Brad, I don't know anything about the Wilton, but you can't go wrong with the Jet Mini...that's what I have.


----------



## jwoodwright (Jan 29, 2005)

I liked my 1st Jet mini so much, I bought the VS Jet Mini.  []


----------



## Randy (Jan 29, 2005)

Brad
I know that the price is great  for the Wilton 99177. I saw it at the Woodworkers Show and the quality just does not compare to the Jet. It has a look and dimensions that are similiar but that is where it stops. The casting quality is better on the Jet. There are hand wheels instead of knobs. Matter of fact the belt tensioning lever does not exist on the Wilton you have to loosen three Allen head cap screws to change speeds. The covers over the belt access are plastic instead of metal like the Jet. I would suggest that you go and demo a Jet at one of the wood working store. Then you can see for yourself what a fine quality piece of equipment the Jet midi actually is.
Of course this is just my biased opinion [].


----------



## Fred in NC (Jan 29, 2005)

Of course, it has variable speed, so belt changes will be infrequent.

You get what you pay for.  AT $100 including shipping from Amazon it is not a bad deal, if you will be turning pens and other small items.  It is much better than the pen lathe anyway.

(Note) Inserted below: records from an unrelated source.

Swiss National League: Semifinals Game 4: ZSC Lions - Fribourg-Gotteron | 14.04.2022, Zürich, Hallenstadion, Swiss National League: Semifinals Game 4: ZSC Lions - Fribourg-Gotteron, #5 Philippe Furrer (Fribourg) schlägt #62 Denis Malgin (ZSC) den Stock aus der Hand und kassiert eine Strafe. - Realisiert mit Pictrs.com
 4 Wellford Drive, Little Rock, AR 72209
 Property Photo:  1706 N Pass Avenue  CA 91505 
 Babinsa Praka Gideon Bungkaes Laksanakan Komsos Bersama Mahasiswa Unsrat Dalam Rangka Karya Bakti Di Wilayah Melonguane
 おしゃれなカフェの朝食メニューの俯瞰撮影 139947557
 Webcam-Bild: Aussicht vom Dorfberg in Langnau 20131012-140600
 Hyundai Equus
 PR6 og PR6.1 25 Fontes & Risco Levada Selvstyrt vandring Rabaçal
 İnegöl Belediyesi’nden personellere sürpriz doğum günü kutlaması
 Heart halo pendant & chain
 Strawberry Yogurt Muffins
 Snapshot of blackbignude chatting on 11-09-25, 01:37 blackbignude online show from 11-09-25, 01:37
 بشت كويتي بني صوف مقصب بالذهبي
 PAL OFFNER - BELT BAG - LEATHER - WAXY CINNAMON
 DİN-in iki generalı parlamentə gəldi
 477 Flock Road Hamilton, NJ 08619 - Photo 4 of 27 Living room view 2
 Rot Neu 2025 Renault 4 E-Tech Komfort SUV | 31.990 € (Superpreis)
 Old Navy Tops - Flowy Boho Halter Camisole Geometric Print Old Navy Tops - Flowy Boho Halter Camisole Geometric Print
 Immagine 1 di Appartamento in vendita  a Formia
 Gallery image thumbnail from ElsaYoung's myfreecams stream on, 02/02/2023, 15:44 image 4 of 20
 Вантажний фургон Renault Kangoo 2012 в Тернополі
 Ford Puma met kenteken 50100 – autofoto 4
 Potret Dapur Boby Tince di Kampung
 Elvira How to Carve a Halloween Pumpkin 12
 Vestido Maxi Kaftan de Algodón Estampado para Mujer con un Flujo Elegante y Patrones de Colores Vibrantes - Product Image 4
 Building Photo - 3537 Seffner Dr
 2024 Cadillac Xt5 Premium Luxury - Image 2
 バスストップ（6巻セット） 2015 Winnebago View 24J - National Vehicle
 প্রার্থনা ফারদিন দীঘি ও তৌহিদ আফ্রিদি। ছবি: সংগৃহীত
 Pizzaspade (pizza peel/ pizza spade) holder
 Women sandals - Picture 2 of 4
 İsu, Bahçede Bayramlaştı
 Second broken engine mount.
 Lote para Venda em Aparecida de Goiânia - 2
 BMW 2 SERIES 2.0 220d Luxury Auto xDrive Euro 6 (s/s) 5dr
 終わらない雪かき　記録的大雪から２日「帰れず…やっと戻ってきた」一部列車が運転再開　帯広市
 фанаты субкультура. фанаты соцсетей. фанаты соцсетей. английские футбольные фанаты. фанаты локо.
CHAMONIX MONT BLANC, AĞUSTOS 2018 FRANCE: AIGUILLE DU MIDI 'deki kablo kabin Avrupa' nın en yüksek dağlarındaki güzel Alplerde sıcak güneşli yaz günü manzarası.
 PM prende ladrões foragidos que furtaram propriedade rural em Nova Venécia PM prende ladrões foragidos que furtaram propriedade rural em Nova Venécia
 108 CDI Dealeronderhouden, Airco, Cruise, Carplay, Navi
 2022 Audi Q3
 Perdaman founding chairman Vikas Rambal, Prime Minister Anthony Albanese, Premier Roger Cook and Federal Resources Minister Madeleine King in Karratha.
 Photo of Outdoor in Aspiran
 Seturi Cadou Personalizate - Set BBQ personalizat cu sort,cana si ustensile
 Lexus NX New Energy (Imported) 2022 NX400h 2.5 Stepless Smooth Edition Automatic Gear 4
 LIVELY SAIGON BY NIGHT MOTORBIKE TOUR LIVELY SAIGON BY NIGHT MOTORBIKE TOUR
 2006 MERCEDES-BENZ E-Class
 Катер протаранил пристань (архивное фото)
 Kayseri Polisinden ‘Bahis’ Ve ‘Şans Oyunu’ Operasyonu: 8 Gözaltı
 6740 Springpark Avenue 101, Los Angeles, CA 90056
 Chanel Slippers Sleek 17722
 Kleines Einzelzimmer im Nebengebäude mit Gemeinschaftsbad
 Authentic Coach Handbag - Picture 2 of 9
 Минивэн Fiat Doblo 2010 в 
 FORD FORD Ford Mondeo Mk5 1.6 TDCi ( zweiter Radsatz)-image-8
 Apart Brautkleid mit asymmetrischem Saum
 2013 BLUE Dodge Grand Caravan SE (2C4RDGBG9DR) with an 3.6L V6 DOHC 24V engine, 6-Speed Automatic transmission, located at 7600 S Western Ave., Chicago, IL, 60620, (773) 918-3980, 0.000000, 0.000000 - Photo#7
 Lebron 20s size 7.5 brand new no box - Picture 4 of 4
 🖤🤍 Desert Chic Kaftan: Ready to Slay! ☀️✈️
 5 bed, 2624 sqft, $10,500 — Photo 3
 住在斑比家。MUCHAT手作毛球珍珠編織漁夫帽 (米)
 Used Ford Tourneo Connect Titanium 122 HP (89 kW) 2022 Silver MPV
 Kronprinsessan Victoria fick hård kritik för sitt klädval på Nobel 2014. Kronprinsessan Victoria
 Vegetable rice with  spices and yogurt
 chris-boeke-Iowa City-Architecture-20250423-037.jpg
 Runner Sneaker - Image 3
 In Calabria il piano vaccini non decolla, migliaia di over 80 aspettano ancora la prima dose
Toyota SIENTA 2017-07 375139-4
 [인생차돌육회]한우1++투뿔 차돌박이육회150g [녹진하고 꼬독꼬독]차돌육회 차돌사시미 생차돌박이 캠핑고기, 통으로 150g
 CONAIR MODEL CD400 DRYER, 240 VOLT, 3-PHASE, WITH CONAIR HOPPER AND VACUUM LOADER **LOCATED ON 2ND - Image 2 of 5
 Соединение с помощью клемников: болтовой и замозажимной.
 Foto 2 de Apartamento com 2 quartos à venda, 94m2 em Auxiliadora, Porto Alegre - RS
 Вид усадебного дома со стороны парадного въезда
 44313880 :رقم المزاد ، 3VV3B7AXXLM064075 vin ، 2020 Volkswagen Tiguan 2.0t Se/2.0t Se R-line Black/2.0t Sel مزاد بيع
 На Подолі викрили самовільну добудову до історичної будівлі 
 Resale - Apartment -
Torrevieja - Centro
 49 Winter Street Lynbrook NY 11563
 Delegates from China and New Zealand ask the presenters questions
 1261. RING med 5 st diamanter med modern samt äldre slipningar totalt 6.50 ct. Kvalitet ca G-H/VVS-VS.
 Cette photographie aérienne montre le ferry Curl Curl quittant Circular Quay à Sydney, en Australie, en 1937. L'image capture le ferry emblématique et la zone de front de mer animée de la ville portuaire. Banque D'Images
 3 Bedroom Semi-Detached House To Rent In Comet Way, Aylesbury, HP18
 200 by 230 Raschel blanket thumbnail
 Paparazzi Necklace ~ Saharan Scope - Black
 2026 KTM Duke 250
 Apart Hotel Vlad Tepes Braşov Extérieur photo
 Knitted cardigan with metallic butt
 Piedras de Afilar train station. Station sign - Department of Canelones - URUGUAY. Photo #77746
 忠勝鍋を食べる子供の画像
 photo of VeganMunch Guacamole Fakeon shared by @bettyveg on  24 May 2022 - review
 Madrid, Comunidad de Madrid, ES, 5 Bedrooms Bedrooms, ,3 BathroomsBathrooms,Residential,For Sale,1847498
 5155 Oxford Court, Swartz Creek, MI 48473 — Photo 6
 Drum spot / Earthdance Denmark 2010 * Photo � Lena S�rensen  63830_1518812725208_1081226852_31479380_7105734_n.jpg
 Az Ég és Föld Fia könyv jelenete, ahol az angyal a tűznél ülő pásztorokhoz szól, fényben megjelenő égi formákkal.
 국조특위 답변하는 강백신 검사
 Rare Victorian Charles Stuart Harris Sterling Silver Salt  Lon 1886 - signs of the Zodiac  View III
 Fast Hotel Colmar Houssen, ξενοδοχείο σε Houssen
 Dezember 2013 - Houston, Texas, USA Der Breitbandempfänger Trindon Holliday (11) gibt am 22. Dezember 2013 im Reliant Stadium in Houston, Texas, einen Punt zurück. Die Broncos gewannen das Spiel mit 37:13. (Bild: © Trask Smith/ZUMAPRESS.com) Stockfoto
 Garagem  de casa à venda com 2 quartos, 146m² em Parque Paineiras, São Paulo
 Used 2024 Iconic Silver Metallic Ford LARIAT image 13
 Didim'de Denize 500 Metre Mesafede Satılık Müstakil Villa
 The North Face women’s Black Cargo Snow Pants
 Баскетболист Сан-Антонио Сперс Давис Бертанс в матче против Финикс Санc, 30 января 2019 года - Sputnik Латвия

I am very happy with my Jet Mini.


----------



## jkirkb94 (Jan 29, 2005)

> _Originally posted by jkirkb94_
> <br />My local Woodcraft had a small supply of these for sale.  Looked it over and decided I didn't need it.  I guess it would be a good lathe to use.   I really like my Jet Mini as it is made to higher quality but it is also  more than twice as much.  The Wilton could be a good lathe to try and a good value.  Sell a few pens then buy a Jet Mini if you think you need it and save the Wilton for secondary lathe.  I can't act snobbish since many of my tools come from Harbor Freight![]  If you do decide to get the Wilton,  use it for a while then give us a review!  Kirk[8D]
> As a postscript I think the one that my local Woodcraft sold was a Fox brand but I would swear it looked identical to the Wilton.


----------



## Fred in NC (Jan 29, 2005)

Right, Kirk... it is sold under different names.  PSI has it as a Turncrafter at about $140.


----------



## timdaleiden (Jan 30, 2005)

I have this lathe. For penturning it is a pretty good lathe. It is not as beefy as a Jet. The variable speed is a very nice feature.


----------



## Bradford (Jan 31, 2005)

Thanks for you thoughts.  Has any one tried the Grizzly G8690 VS Wood Lathe or the older Sears Mini Lathe?


----------